We can therefore check whether a given node \(v_x\) is in \(G\) by first computing \(f(v_x)\) and then checking and ascending at most \(3 k \lg \sigma\) edges, updating \(v_x\) and \(f(v_x)\) as we go. Once we reach the root of the tree we can compare the resulting \(k\)-tuple with the one sampled to check if \(v_x\) is in the graph.

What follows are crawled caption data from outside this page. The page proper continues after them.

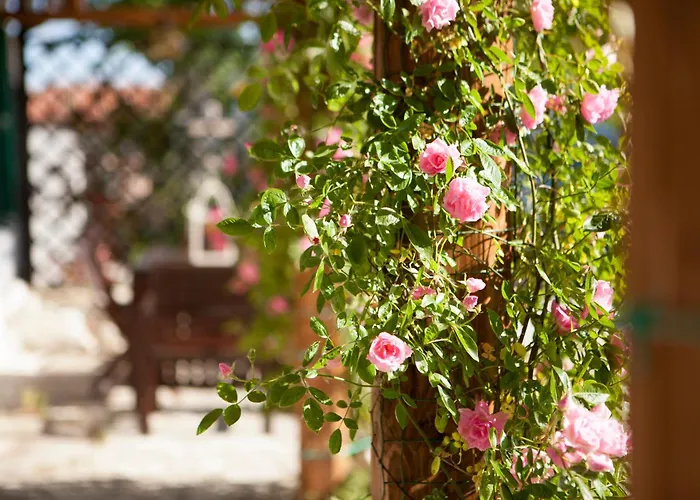 Casa S.paolo Villa Rimini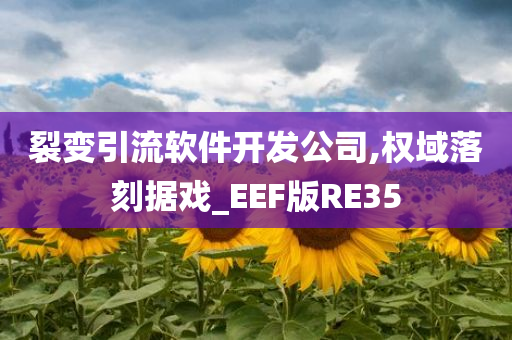 裂变引流软件开发公司,权域落刻据戏_EEF版RE35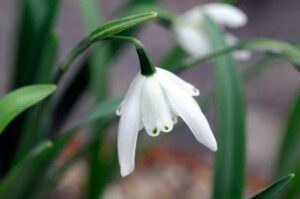 Galanthus 'Lady Beatrix Stanley'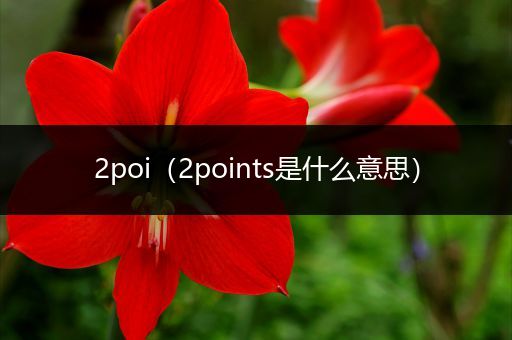 2poi(2points是什么意思)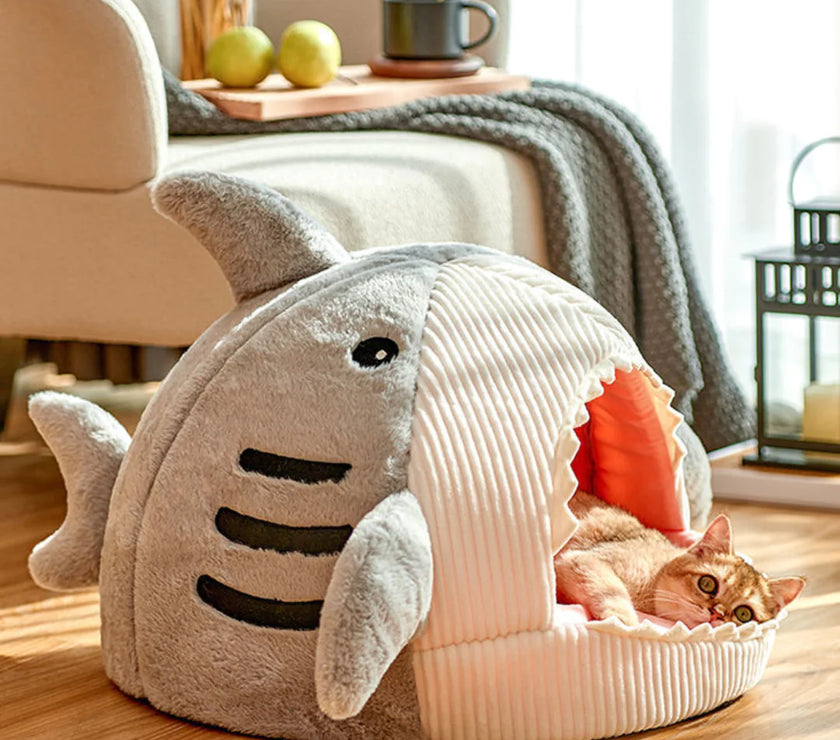 Shark Pet Bed gray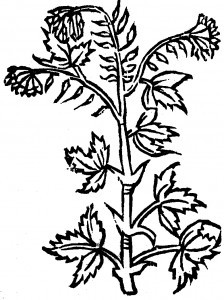 gorczyca biała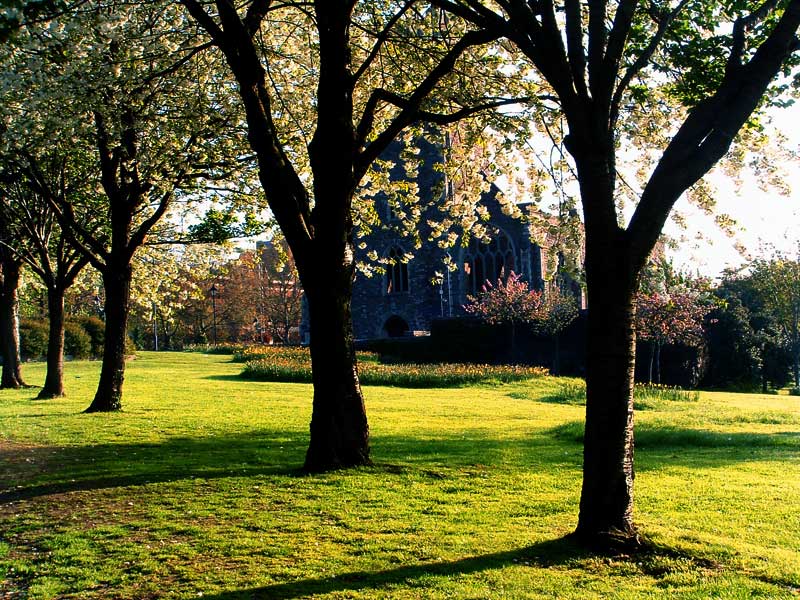 Castle Park in the Spring
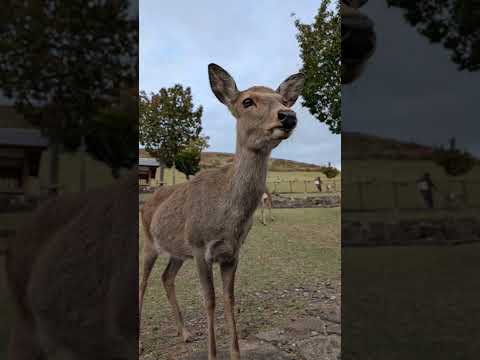 奈良公園の鹿🦌💕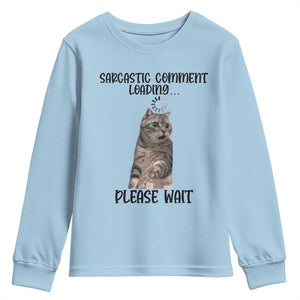 Funny Cat Meme Sarcastic Youth Sweatshirt Sarcastic Comment Loading TS12 Light Blue Print Your Wear
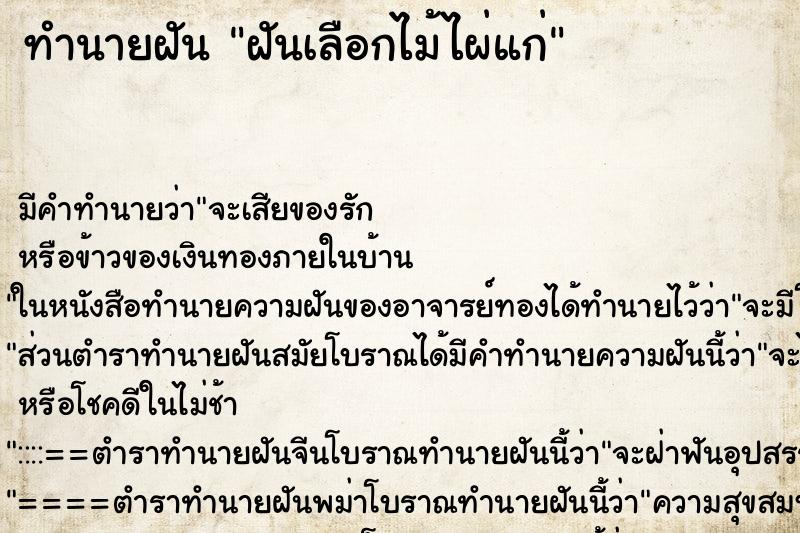 ทำนายฝันฝันเลือกไม้ไผ่แก่ ทำนายฝันทำนายฝันฝันเลือกไม้ไผ่แก่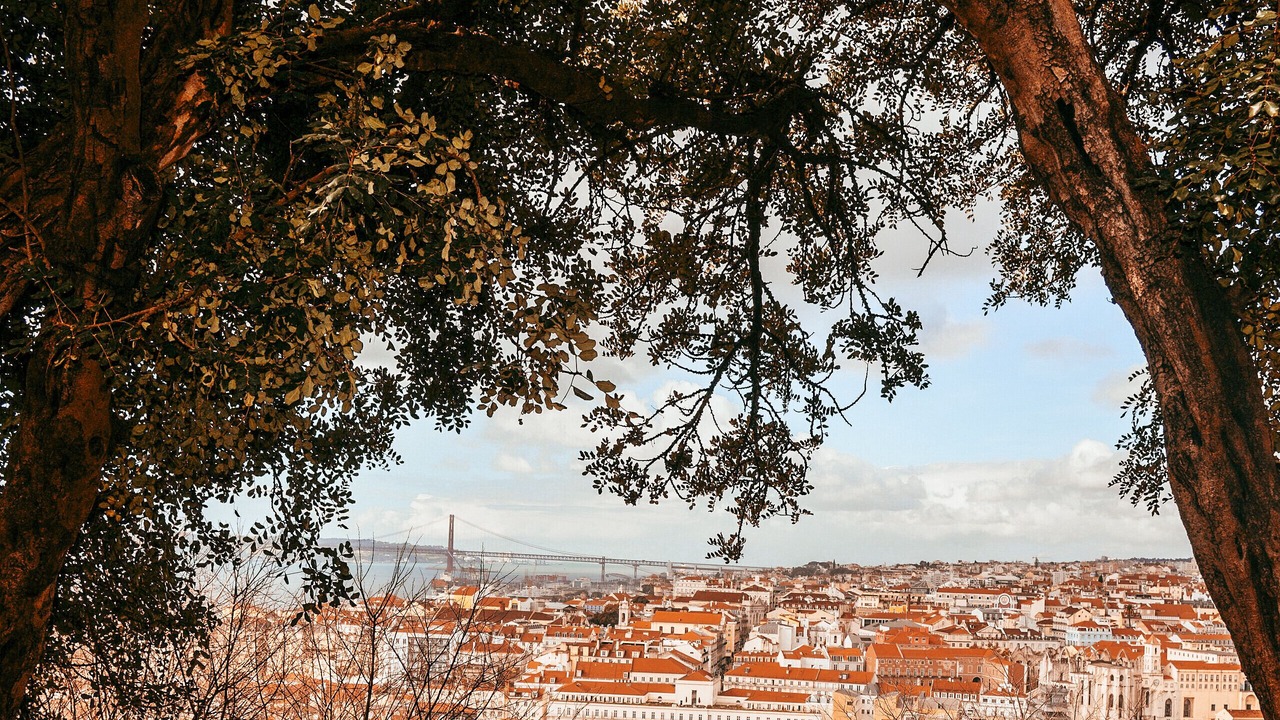 Photo of Others in Santa Maria Maior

This procedure requires \Oh{k \lg \sigma} time since computing the first value of \(f(v_x)\) requires \Oh{k}, ascending the tree requires constant time per edge, and comparing the \(k\)-tuples requires \Oh{k}.

We now describe a Las Vegas algorithm for the construction of this data structure that requires, with high probability, \Oh{kn + n\sigma} expected time.
We recall that \(N\) is the set of input nodes of size \(n\).
We first select a function \(f\) and construct bitvector \(B\) of size \(n\) initialized with all its elements set to \FALSE.
For each elements \(v_x\) of \(N\) we compute \(f(v_x) = i\) and check the value of \(B[i]\).
If this value is \FALSE we set it to \TRUE and proceed with the next element in \(N\), if it is already set to \TRUE, we reset \(B\), select a different function \(f\), and restart the procedure from the first element in \(N\).
Once we finish this procedure --- i.e.,\@\xspace we found that \(f\) do not produces collisions when applied to \(N\) --- we store \(f\) and proceed to initialize \IN and \OUT correctly.
This procedure requires with high probability \Oh{kn} expected time for constructing \(f\) and \Oh{n\sigma} time for computing \IN and \OUT.
Notice that if \(N\) is the set of \(k\)-tuples of a single text sorted by their starting position in the text, each \(f(v_x)\) can be computed in constant time from \(f(v_{x-1})\) except for \(f(v_0)\) that still requires \Oh{k}.
More generally, if \(N\) is the set of \(k\)-tuples of \(t\) texts sorted by their initial position, we can compute \(n - t\) values of the function \(f(v_x)\) in constant time from \(f(v_{x-1})\) and the remaining in \Oh{k}.
We will explain how to build the forest in the full version of this paper.
In this case the construction requires, with high probability, \(\Oh{kt + n + n\sigma} = \Oh{kt + n\sigma}\) expected time.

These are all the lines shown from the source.